Why transition finance must go beyond energy
A coherent and coordinated approach is required to effect a sustainable transition, writes Marcus Pratsch, head of sustainable bonds and finance at DZ BANK AG.
There is no doubt that transition finance is essential for the successful implementation of the global sustainability agenda. A more sustainable world cannot be achieved by focusing on already highly sustainable economic activities. Instead, a greater positive impact can be made by helping to ensure that critical business activities become more sustainable over the long term.
Change, however, does not happen overnight. It is wishful thinking to expect that sustainable transition will occur quickly. Rather than being ‘one simple transaction’, it is an evolving process – especially when it involves sweeping structural changes for business infrastructure and the global economy. Transitioning is also a learning process. A coordinated and coherent approach must be developed, taking the specific needs of industries, sectors, geographies and cultures into consideration.
Sustainable transition should not be limited to the energy transition but should also include other environmental challenges, such as nature-related issues. According to the Intergovernmental Panel on Climate Change, agriculture, forestry and other land use contribute around 23% to global greenhouse gas emissions. Accounting for nature is therefore essential to achieving net-zero goals.
The need for a social aspect of transition
A successful and comprehensive sustainable transition can only work if it also has a social dimension.
Structural changes brought about by the sustainable transition can pose several socio-economic challenges. Moving to a more sustainable world creates multi-dimensional transition risks, such as disrupted supply or operations chains, reduced productivity or uneven market competitiveness. Transforming hard-to-abate industries could also lead to the displacement of workers, loss of income and marginalisation of regions.
The social implications of transition cannot be ignored and these challenges need to be financed in the context of the other dimensions of sustainability – economic, environmental and governance. If well managed and financed, the sustainable transition can be a powerful catalyst for job creation, job upgrading, social justice and poverty eradication.
However, the financing needs are huge and efforts need to pick up speed. Trillions need to be mobilised for the sustainable transformation of our economy and society. This cannot be financed solely by public money. Capital markets must be on board so that private capital can be allocated to transformational projects and business models. This capital is also needed to mitigate the social and economic risks of transition.

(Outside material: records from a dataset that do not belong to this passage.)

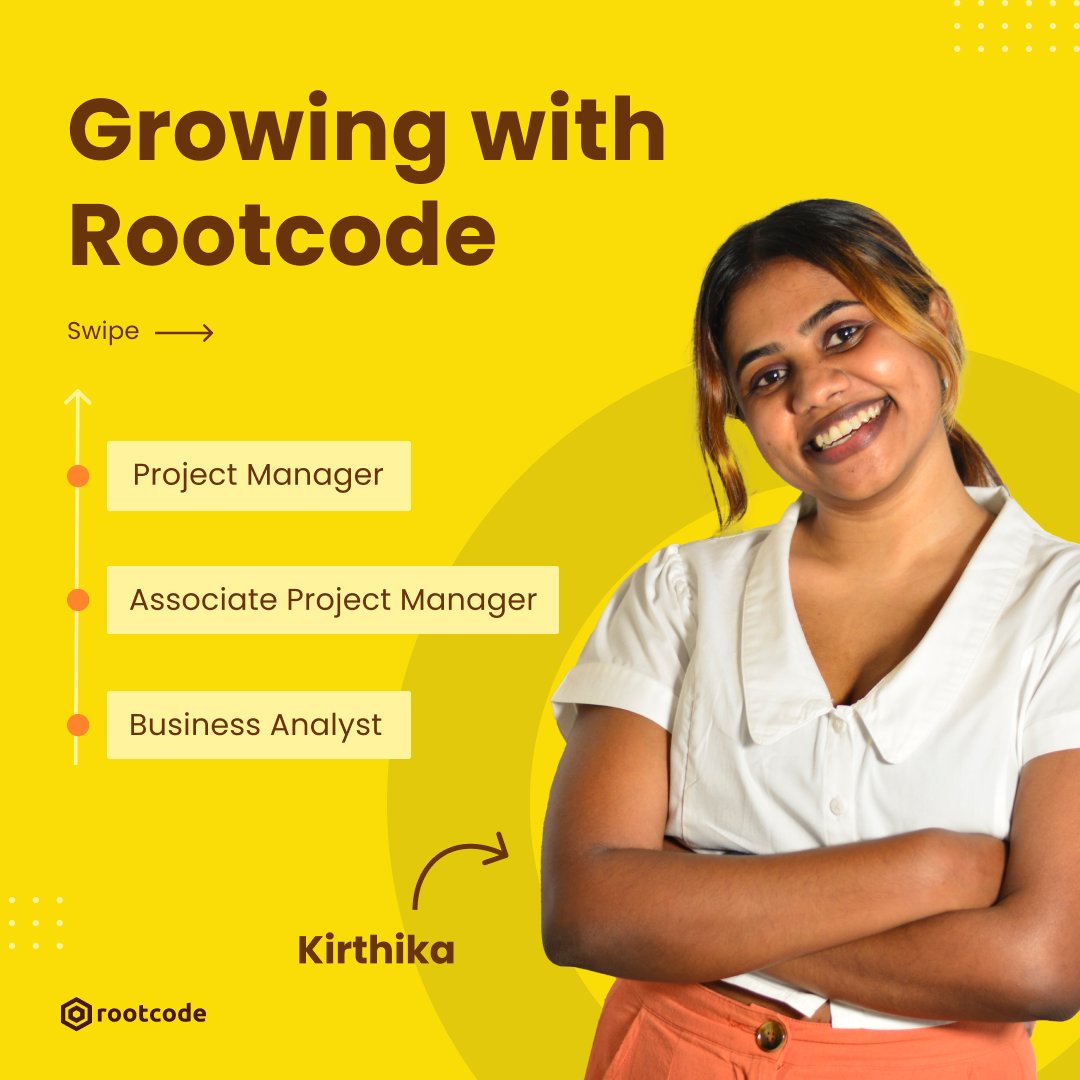 rootcode_io's tweet photo. Meet Kirthika, from our Project Management team! This is her journey as a #rootcoder and how she progressed from being a Business Analyst to Project Manager in two years. Swipe to check out what she has to say about her #career at Rootcode.
#growth #tech #rootcode https://t.co/Ozw68FSMFs
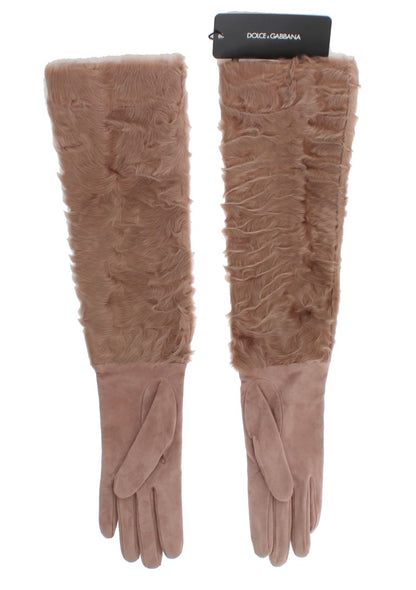 Dolce &amp; gabbana gants mi-longs en daim beige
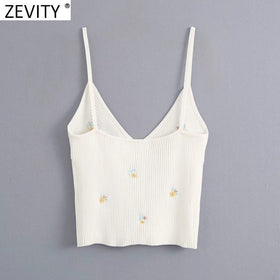 Zevity Women fashion floral embroidery camis tank tops summer wear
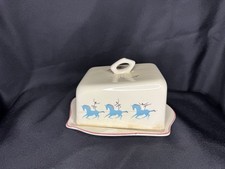 RARE Vintage MCM Beswick Circus Butter Dish Blue Horses Acrobats Ceramic England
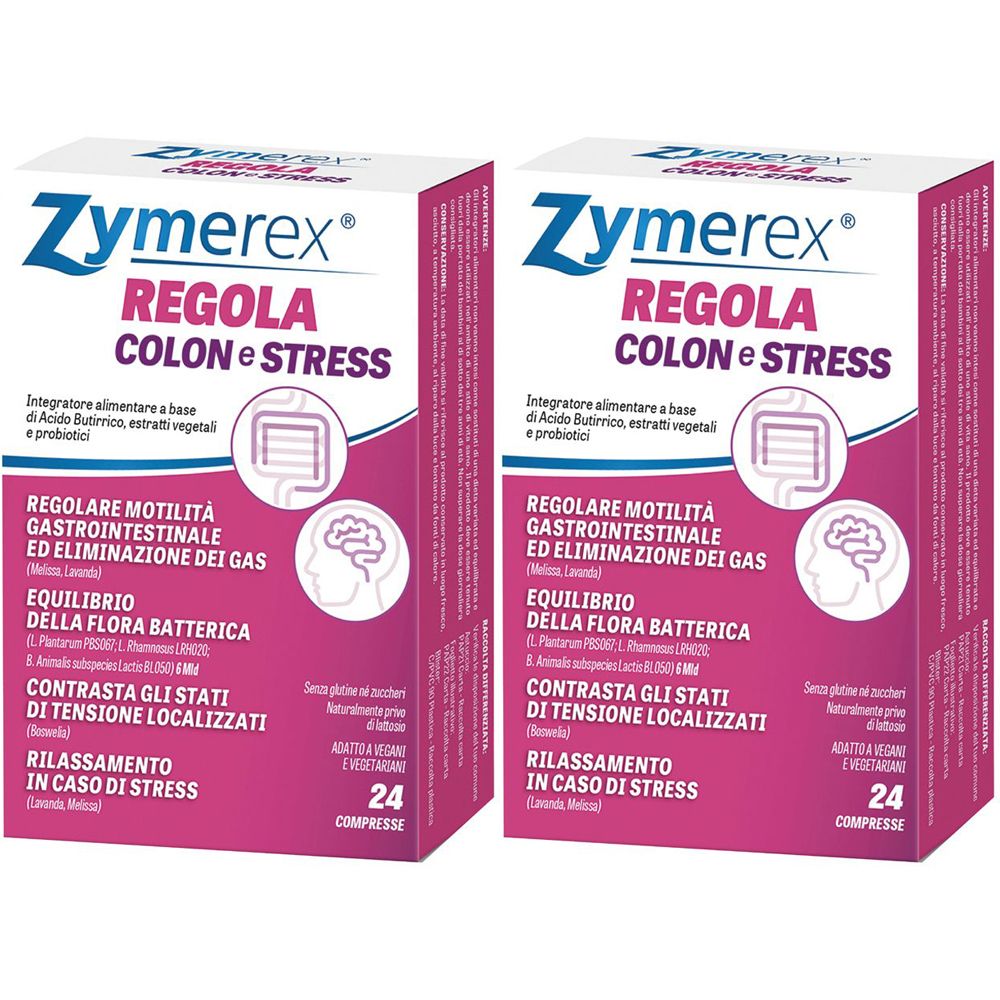 Due scatole rettangolari con scritto Zymerex Regola Colon e Stress. Scritta in italiano. Ogni scatola contiene 24 compresse.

No need to reinvent the wheel
The financial sector can play an important role in accelerating the transition through capital and risk-mitigating mechanisms. We already have various instruments and the knowledge required to reflect comprehensive transition in capital markets. Take the fixed income market as an example. Transition bonds are a relatively new fixed income instrument that has joined the ranks of use-of-proceeds sustainable bonds. So far, they have been issued exclusively by the real economy.
However, a transition bond issued by a sovereign and tied to the Just Transition Principles would be an ideal instrument to simultaneously map and finance the environmental and social dimensions of transition. With the Green Bond Principles, the Social Bond Principles, the Sustainability Bond Guidelines and the Climate Transition Finance Handbook of the International Capital Market Association, various guidelines are already available on the market for structuring such a bond.
Many investors also see target-linked structures as a suitable instrument for just transition financing. Target-linked bonds are forward-looking and performance-orientated financial instruments in which issuers explicitly commit to future improvements in sustainability criteria within a predefined timeframe.
Sustainability development is measured using key performance indicators and evaluated against sustainability performance targets. The financing costs of target-linked bonds are linked to the (non-)achievement of these targets. If the issuer fails to meet them, financing becomes more expensive. In the case of a sovereign transition-linked bond, it would be conceivable, for example, to complement an environmental KPI like the reduction of GHG emissions with a social KPI like job generation.
Investor appetite to finance the transition is growing. In September last year, Ostrum Asset Management announced the launch of Ostrum Global Sustainable Transition Bonds, the first bond fund with a global investment universe devoted to the just transition. Two years ago, Union Investment launched the UniESG transformations rating – a proprietary forward-looking rating approach to identify corporates, which can benefit greatly from the transition. All relevant players in the capital market must work together to build a pathway to a successful sustainable transition.